I do this all the time and it's now my preferred way to make it.
I cook the elbow macaroni for just 6 minutes so it's still very al dente. I rinse it under hot tap water to remove the starch and then rinse it under cold water to stop the cooking.
Then, I make the cheese sauce. I store the pasta and the sauce separately in the icebox and combine them just before baking. I bake it for the regular time, no need to adjust.
Good luck.
I'm still confused over the idea of "baking" macaroni and cheese. When I make it, I boil the pasta, add the sauce, and voila! Mac and cheese! Where does baking come into it?
julie42 - there's more than one way to make mac & cheese. my favorite is a baked mac and cheese, in a sort of custard base with shredded cheese and chunks of cheese. you can mix it all up and leave it in the fridge overnight and bake it the next day.
Absolutely I make a primal version with cauliflower instead of macaroni and it is absolutely wonderful. It is basically cooked cauliflower in a yellow cheese cream sauce. With more cheese on top.
It works really well to pour it into bags inside ramekins, then freeze it in the ramekins. Remove the ramekins when solid and they'll easily go from freezer to oven with no waste.
If I'm going to bake my "mac 'n' cheese" I also like to add bacon or ham or both to it.
I make mac & cheese a day or so ahead of time for holidays. Because it's usually made during cold weather, sometimes we put it in the garage to keep cool - if the refrigerator is too full to fit a casserole dish. We tend to make mac & cheese extra cheesy, so that helps if some of the cheese sauce gets absorbed by the noodles, there's still plenty.
I'm surprised at all the yes's...Everytime 've combined sauce + pasta and let it sit for the day, the sauce gets absorbed and the pasta itself is dry. I'd make each separately, then combine the day of and bake.
If I'm making if for a large group I usually make it at least the night before to save time and cleanup. If I am making Mac-n-cheese for my family of 3 I always make one small baking dish for dinner and divide the rest into ramekins which can be popped into the oven for lunch or after school snack over the next couple days.
When I was pregnant we baked and froze pans of mac and cheese to have food when the baby came. We just put the oven on 350 and an hour later it was good to go.
The other night I made crock pot mac and cheese and it was heavenly.

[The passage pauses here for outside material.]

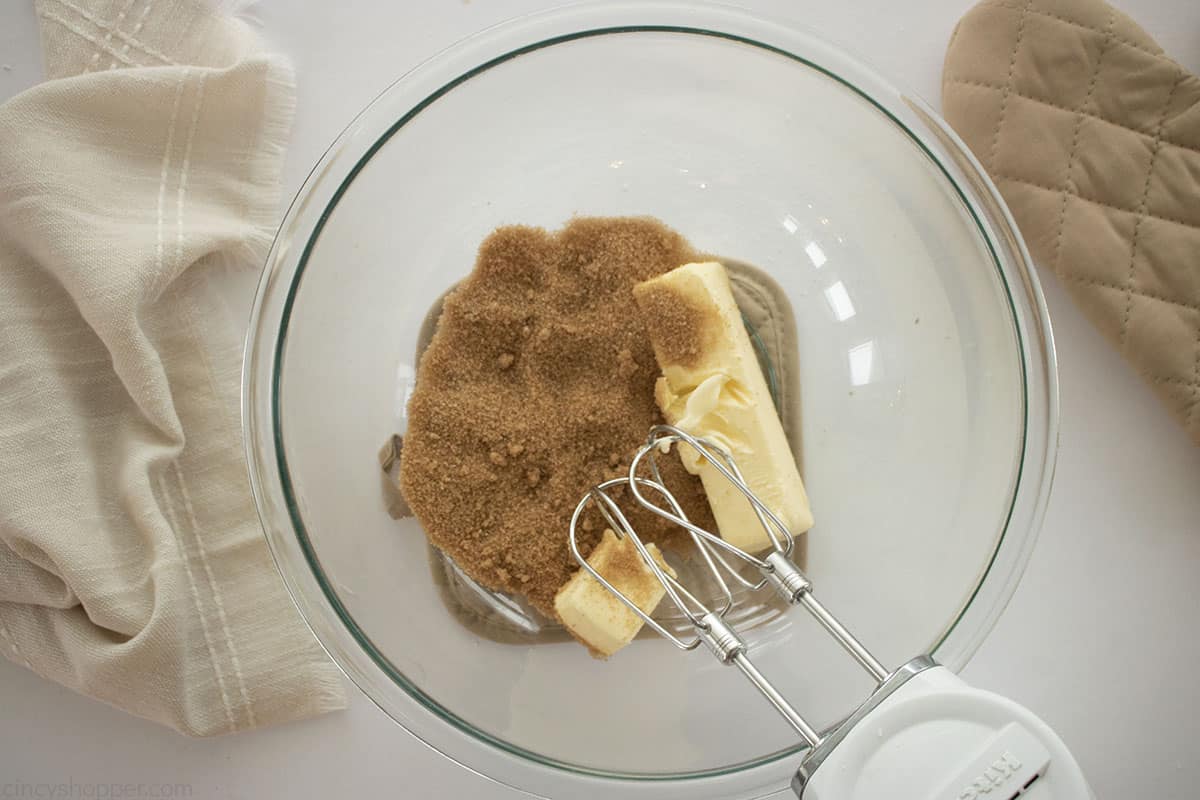 Butter and brown sugar in a mixing bowl with a hand mixer.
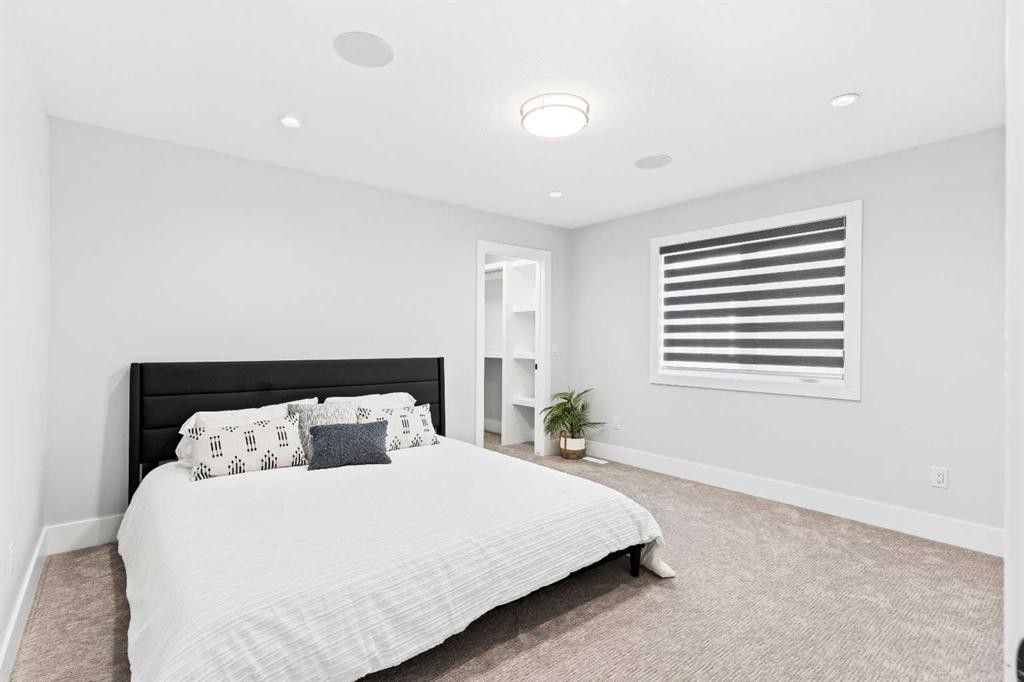 61 Sunvalley View, Cochrane, AB - Indoor Photo Showing Bedroom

I just posted about it:
http://www.twobedroomsandababy.com/2011/08/crockpot-macaroni-and-cheese-with.html
The only thing that I would say if you're going to bake the mac and cheese is to either bake it first and then freeze it or add more fresh (unfrozen) cheese on top when you're going to bake the pre-made frozen product...cheese doesn't melt the same way and create the same crispy crust on top after its been frozen and at least for me the crispy crust is my favorite part!
Don't limit yourself to Mac N Cheese, MarthaStewart.com has TONS of freeze-ahead meals, including lots more pasta ones, I think I saw a whole slide show on them. Too lazy to look it up for ya (sorry) but it's not hard to find.